Quelques années avant le très fameux All-Star Superman, Quitely et Morrison font déjà équipe ensemble pour un travail très proche, dans l'esprit du futur All-Star, ne pas créer de nouvelles origines, mais remettre en avant le symbole de personnages de l'univers DC. Ici, c'est le Crime Syndicat qui est visé. Certains diront que Morrison donne au groupe de supers-vilains de nouvelles origines mais ça tient bien plus à mettre en valeur toute l'âme de cette version négative de la Justice League. Est-ce que Justice League : Earth-Two (traduit en français par l'Autre Terre) est digne de son petit-frère, c'est ce que nous allons voir.

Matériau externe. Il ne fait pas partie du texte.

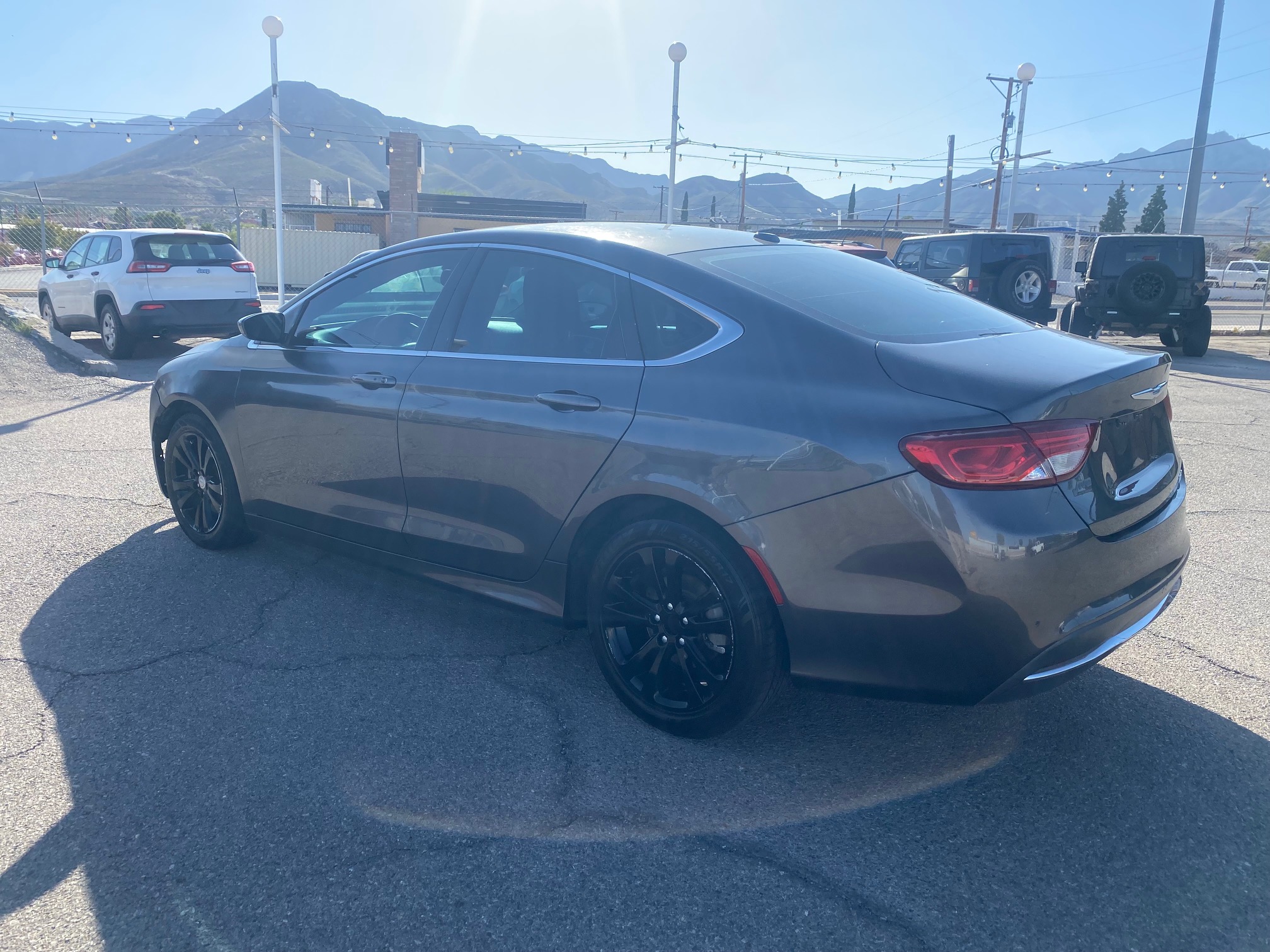 2015 Chrysler 200 thumbnail 5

Aux confins de l'univers, il existe une Terre semblable à celle que l'on connait, mais tout y est inversé. L'axe de rotation n'est pas le même, le cœur des humains est à droite, les États-Unis ont envahi l'Angleterre, Adolf Hitler fut un héro et surtout un groupe de supers-vilains gouverne le monde. Ultraman, Superwoman, Owlman, Power Ring et Johnny Quick (versions maléfiques de Superman, Wonderwoman, Batman, Green Lantern et Flash) ont le monde entre leurs mains. Le seul héro qui essaye de s'opposer à eux, mais finit toujours par échouer est Alexander Luthor.
Ce-dernier tente alors le tout pour le tout. Après avoir découvert l'existence d'un autre univers semblable au sien mais où le bien finit par l'emporter, Luthor décide de s'y rendre pour demander à la Justice League de venir l'aider à mettre fin aux méfaits du Crime Syndicat. Ceux-ci acceptent mais laissent Aquaman et Martian Manhunter protéger la Terre en leur absence.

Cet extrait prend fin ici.